British Resident Pahang
- In office 1921–1926
- Preceded by: Cecil William Chase Parr
- Succeeded by: Arthur Furley Worthington

British Resident Selangor (Acting)
- In office 1926–1926
- Preceded by: Oswald Francis Gerard Stonor
- Succeeded by: James Lornie

British Resident Perak
- In office 1926–1929
- Preceded by: Oswald Francis Gerard Stonor
- Succeeded by: Arthur Furley Worthington

Personal details
- Born: 22 February 1874
- Died: 22 April 1941 (aged 67) In Torquay in German air raid
- Spouse: Yvonne Mary Winn
- Profession: Colonial administrator

= Henry Wagstaffe Thomson =

British colonial administrator (1874 – 1941)
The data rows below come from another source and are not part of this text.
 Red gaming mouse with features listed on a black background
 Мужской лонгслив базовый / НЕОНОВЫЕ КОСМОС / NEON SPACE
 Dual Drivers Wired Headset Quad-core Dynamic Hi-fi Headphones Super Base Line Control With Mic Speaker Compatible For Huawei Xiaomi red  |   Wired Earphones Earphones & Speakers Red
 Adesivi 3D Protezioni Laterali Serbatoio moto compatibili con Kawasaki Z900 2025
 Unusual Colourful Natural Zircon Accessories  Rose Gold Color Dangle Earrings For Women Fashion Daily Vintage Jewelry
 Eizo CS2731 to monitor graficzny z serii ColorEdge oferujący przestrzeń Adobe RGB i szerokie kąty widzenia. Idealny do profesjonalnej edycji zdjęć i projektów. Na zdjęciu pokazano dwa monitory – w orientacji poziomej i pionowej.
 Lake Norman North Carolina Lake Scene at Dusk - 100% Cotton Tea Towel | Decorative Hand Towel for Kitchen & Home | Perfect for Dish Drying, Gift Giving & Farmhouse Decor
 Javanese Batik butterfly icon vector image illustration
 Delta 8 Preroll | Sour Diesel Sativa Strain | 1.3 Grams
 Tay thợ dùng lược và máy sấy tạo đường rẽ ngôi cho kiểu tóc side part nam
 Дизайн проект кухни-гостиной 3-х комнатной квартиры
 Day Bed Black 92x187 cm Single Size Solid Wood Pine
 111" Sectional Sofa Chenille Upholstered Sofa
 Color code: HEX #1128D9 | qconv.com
Henry Wagstaffe Thomson CMG (22 February 1874 – 22 April 1941) was a British colonial administrator who served in Malaya from 1896 to 1928.

== Early life ==
Henry Wagstaffe Thomson was born on 22 February 1874, and was educated at Trinity College, Oxford.

== Career ==
In 1896, he entered the civil service of the Federated Malay States in Selangor as a cadet, was acting assistant Collector of Revenue in Kuala Lumpur (1899-1900), and District Officer at Serendah and then at Kuantan (1900-1903).

In 1903, he was sent on secondment by the government of the Federated Malay States to act as assistant to the British adviser in Kelantan, Siam, where he remained until 1910, receiving from the King of Siam, on an official visit to Kelantan, the 4th Class of the Order of the Crown of Siam.

In 1910, he returned to the Federated Malay States and occupied various positions including District Officer, Klang (1910-1913), Collector of Land Revenue and Registrar of Titles, Selangor (1914-15), District Officer, Larut (1915), and Registrar of Titles, Perak.

In 1919, whilst serving as Chairman of the Kinta Sanitary Board, he was appointed to the substantive position of British adviser to Kelantan having previously acted as assistant in the state for seven years. He remained in office until 1921 when he was appointed British Resident of Pahang, and after five years occupied the same position in Perak, prior to which he briefly acted as British Resident in Selangor. In 1927, he was made Acting Chief Secretary of the Federated Malay States.

== Retirement and death ==
Thomson retired in 1928 to England. He was killed on 22 April 1941 in Torquay during a German bombing raid.

== Honours ==
In 1905, Thomson received the 4th Class Order of the Crown of Siam from the King of Siam whilst serving in Kelantan.

In 1927, he was awarded the Order of St Michael and St George.